We then cut over to meet Harley Quinn (Robbie). Grace’s rendition of “You Don’t Own Me” plays as we see Quinn lounging about her cell that sits in the middle of a heavily guarded room. The same sadistic guard approaches her and flirts with the supervillain. The bars on her cell are electrified, throwing her to her back into a daze. We cut to a flashback of the guards (led by the sadistic one) force feeding the crying Quinn and even taking a selfie with her while she is bound. Again, we might have some association with Harley Quinn (being the significant other to the Clown Prince of Crime) but we don’t know that she’s a villain. We continue to meet other people but you get the idea…

The Suicide Squad, as we learn, is the brainchild of a stone cold military woman. She opens a binder labeled “Top Secret” and proceeds to introduce each member. Each of the what, 5 or 6 people, have a several minute expository clip. It begins with a still shot of a given character which has their name and some interesting facts about them. It’s a tired method of introducing characters and, man, does it take up a lot of time. We’re like 20 minutes into the movie it feels like and we haven’t even assembled the team! It’s almost like we sat through a promotional short film for the actual movie. I’d kinda prefer if that were the case because we might be able to have a better movie in a year or two.

The most painful part about Suicide Squad, and I mentioned this in the bottom-line, is that there was so much potential. Leaving the theatre, I kinda wanted to go and see it again because, maybe, it would be different. That’s a sign of a healthy relationship, am I right? Save yourself the time and money and pass on Suicide Squad at least in terms of a theater visit. I’d recommend watching one of the Avengers movies if you want a comic book action movie, or maybe Dark Knight if you want a darker comic book movie with a lot of action. Now I’ve got a few bones to pick so mind yourself of spoilers.
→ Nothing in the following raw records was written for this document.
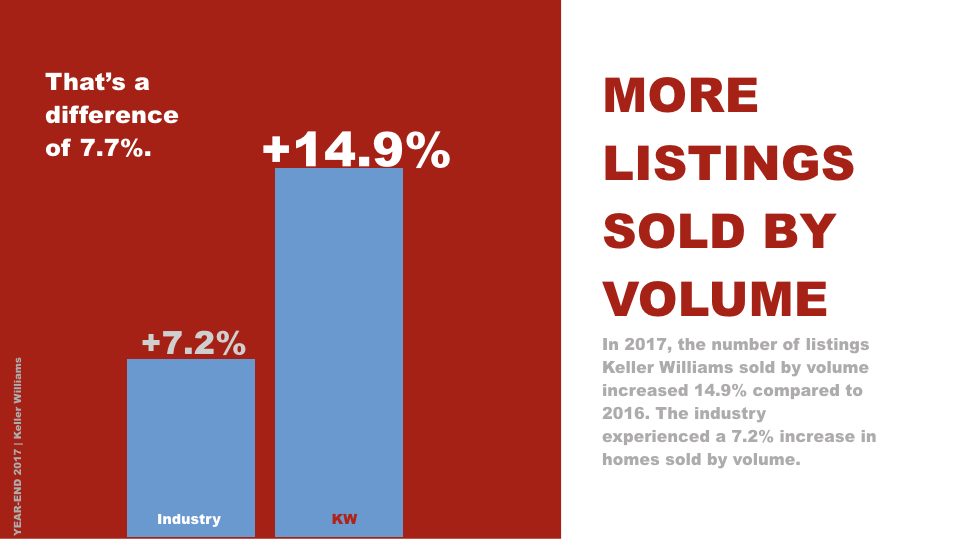 #1 LIsting Volume Keller Williams KW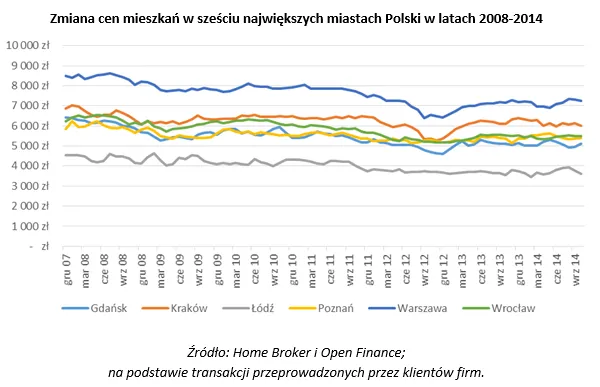 Ceny mieszkań w Polsce: Warszawa dwa razy droższa niż Łódź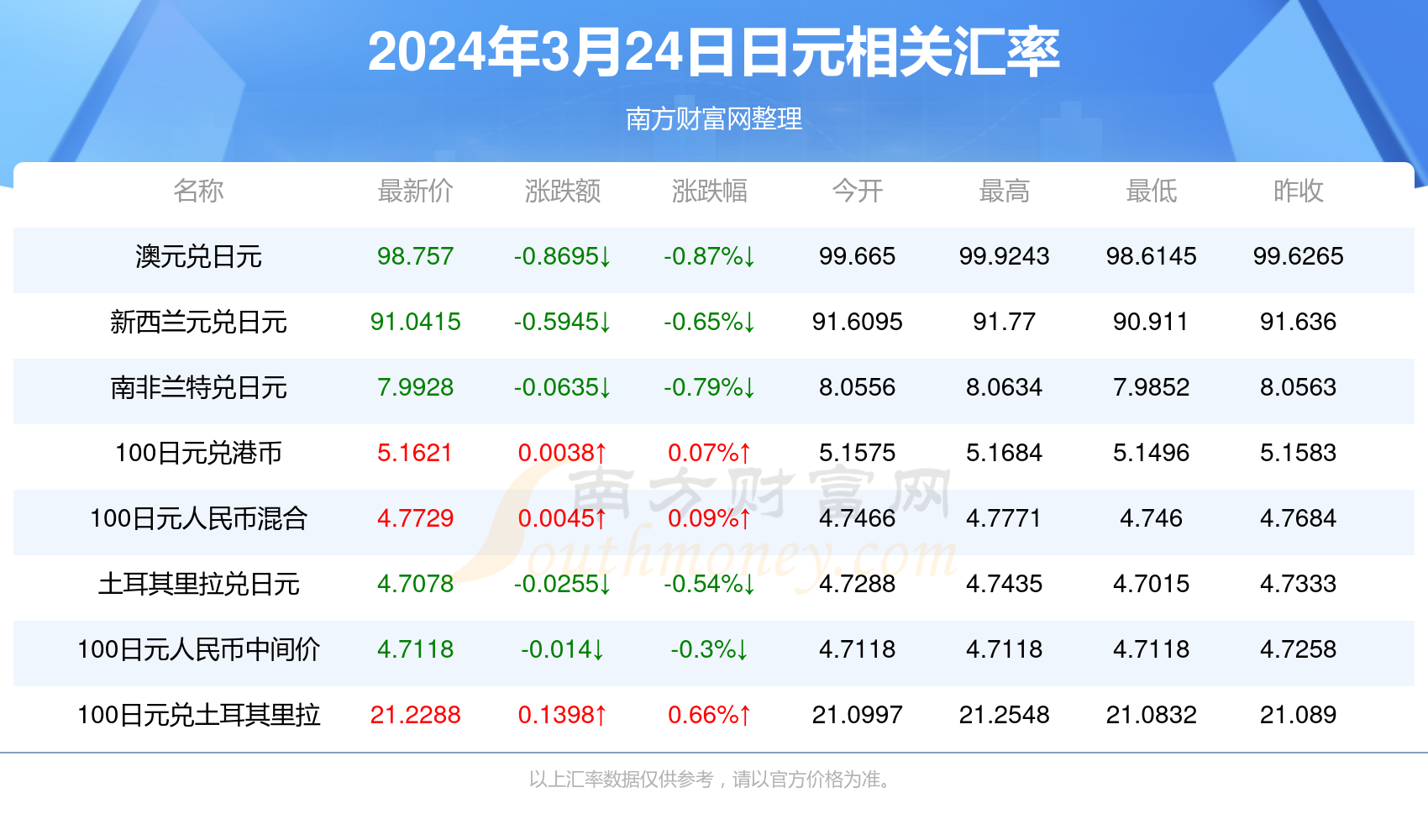 2025澳門天天開好彩精準(zhǔn)24碼，澳門精準(zhǔn)預(yù)測2025年天天開好彩的24碼預(yù)測號碼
There are so many things about Suicide Squad (both big and small) that don’t work. One thing, as I mentioned, is the team introductory montage. It’s unnecessarily drawn out and it bogs down the rest of the movie. Now, at one point, the story’s main villain attacks (I’ll keep it vague to protect against spoilers). The main military guy who leads the squad knows what happened. Eventually, Will Smith confronts him and says, “You know what happened. Tell us.” So the military guy proceeds to tell them (and us) what happened. Meanwhile, we watch it happen again. We saw it the first know, like, when it happened. Why are you wasting precious minutes actually recycling footage? I mean, sure, there’s that film making adage “show don’t tell” but, guys, I don’t think this is what it means.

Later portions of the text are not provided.